(Beginning of Available records)

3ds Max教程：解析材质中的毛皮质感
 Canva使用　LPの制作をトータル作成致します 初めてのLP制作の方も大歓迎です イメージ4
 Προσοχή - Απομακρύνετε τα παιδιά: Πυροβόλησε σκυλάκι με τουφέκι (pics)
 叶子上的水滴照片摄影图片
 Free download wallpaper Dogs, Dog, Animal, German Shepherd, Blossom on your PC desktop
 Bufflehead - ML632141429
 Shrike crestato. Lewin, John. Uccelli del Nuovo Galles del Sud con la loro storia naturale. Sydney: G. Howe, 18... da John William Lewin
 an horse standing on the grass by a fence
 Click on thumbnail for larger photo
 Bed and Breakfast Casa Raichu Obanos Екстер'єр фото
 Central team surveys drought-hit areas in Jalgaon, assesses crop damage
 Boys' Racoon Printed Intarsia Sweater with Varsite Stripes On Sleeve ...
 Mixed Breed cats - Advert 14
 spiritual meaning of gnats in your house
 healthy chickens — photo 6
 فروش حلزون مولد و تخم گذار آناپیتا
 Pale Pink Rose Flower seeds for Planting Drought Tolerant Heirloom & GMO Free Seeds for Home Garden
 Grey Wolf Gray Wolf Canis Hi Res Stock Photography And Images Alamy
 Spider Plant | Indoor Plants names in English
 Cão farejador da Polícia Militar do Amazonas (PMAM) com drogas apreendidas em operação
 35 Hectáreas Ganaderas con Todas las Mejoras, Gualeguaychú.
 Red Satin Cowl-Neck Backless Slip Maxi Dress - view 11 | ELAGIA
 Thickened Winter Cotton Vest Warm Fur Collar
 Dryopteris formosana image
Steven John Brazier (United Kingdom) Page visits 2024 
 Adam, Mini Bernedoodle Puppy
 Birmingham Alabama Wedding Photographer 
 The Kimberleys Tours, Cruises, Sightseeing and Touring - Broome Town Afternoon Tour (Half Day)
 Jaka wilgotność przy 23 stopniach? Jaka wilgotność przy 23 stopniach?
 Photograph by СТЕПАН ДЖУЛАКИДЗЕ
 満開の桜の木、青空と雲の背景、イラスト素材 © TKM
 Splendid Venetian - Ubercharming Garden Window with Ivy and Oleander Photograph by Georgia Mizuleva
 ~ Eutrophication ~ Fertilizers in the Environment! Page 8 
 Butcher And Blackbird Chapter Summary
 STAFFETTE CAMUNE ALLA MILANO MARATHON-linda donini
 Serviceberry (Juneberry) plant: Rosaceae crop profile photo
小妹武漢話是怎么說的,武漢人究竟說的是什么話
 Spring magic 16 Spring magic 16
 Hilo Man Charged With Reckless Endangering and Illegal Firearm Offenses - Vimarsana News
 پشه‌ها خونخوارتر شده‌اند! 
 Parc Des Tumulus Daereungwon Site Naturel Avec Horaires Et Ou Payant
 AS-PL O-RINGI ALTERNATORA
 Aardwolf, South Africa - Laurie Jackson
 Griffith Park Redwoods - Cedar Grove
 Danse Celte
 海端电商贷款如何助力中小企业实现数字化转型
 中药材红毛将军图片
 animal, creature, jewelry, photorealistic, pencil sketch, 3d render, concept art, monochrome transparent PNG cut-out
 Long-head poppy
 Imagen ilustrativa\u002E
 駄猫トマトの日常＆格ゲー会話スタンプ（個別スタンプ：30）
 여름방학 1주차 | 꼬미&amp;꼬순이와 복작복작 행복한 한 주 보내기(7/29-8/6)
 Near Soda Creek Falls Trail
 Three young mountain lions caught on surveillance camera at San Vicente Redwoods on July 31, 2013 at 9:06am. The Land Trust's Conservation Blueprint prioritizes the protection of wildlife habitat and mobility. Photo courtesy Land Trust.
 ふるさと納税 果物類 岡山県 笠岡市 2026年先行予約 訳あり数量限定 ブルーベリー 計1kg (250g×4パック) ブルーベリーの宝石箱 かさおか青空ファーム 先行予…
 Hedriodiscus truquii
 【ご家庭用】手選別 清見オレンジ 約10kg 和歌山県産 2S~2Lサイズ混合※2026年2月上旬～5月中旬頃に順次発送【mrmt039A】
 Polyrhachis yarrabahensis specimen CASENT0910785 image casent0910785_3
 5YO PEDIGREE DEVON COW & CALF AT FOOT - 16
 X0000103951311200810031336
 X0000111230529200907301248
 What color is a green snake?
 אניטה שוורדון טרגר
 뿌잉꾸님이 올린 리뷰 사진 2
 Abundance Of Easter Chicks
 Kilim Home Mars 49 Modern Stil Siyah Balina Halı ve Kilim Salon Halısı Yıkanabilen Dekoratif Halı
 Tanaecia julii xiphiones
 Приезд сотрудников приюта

(End of Available records)

Taking the line that contains "Parc Des Tumulus" as the first and the last line of the material as the final one, transcribe that span exactly and include nothing else.

• Answer for this exercise
 Parc Des Tumulus Daereungwon Site Naturel Avec Horaires Et Ou Payant
 AS-PL O-RINGI ALTERNATORA
 Aardwolf, South Africa - Laurie Jackson
 Griffith Park Redwoods - Cedar Grove
 Danse Celte
 海端电商贷款如何助力中小企业实现数字化转型
 中药材红毛将军图片
 animal, creature, jewelry, photorealistic, pencil sketch, 3d render, concept art, monochrome transparent PNG cut-out
 Long-head poppy
 Imagen ilustrativa\u002E
 駄猫トマトの日常＆格ゲー会話スタンプ（個別スタンプ：30）
 여름방학 1주차 | 꼬미&amp;꼬순이와 복작복작 행복한 한 주 보내기(7/29-8/6)
 Near Soda Creek Falls Trail
 Three young mountain lions caught on surveillance camera at San Vicente Redwoods on July 31, 2013 at 9:06am. The Land Trust's Conservation Blueprint prioritizes the protection of wildlife habitat and mobility. Photo courtesy Land Trust.
 ふるさと納税 果物類 岡山県 笠岡市 2026年先行予約 訳あり数量限定 ブルーベリー 計1kg (250g×4パック) ブルーベリーの宝石箱 かさおか青空ファーム 先行予…
 Hedriodiscus truquii
 【ご家庭用】手選別 清見オレンジ 約10kg 和歌山県産 2S~2Lサイズ混合※2026年2月上旬～5月中旬頃に順次発送【mrmt039A】
 Polyrhachis yarrabahensis specimen CASENT0910785 image casent0910785_3
 5YO PEDIGREE DEVON COW & CALF AT FOOT - 16
 X0000103951311200810031336
 X0000111230529200907301248
 What color is a green snake?
 אניטה שוורדון טרגר
 뿌잉꾸님이 올린 리뷰 사진 2
 Abundance Of Easter Chicks
 Kilim Home Mars 49 Modern Stil Siyah Balina Halı ve Kilim Salon Halısı Yıkanabilen Dekoratif Halı
 Tanaecia julii xiphiones
 Приезд сотрудников приюта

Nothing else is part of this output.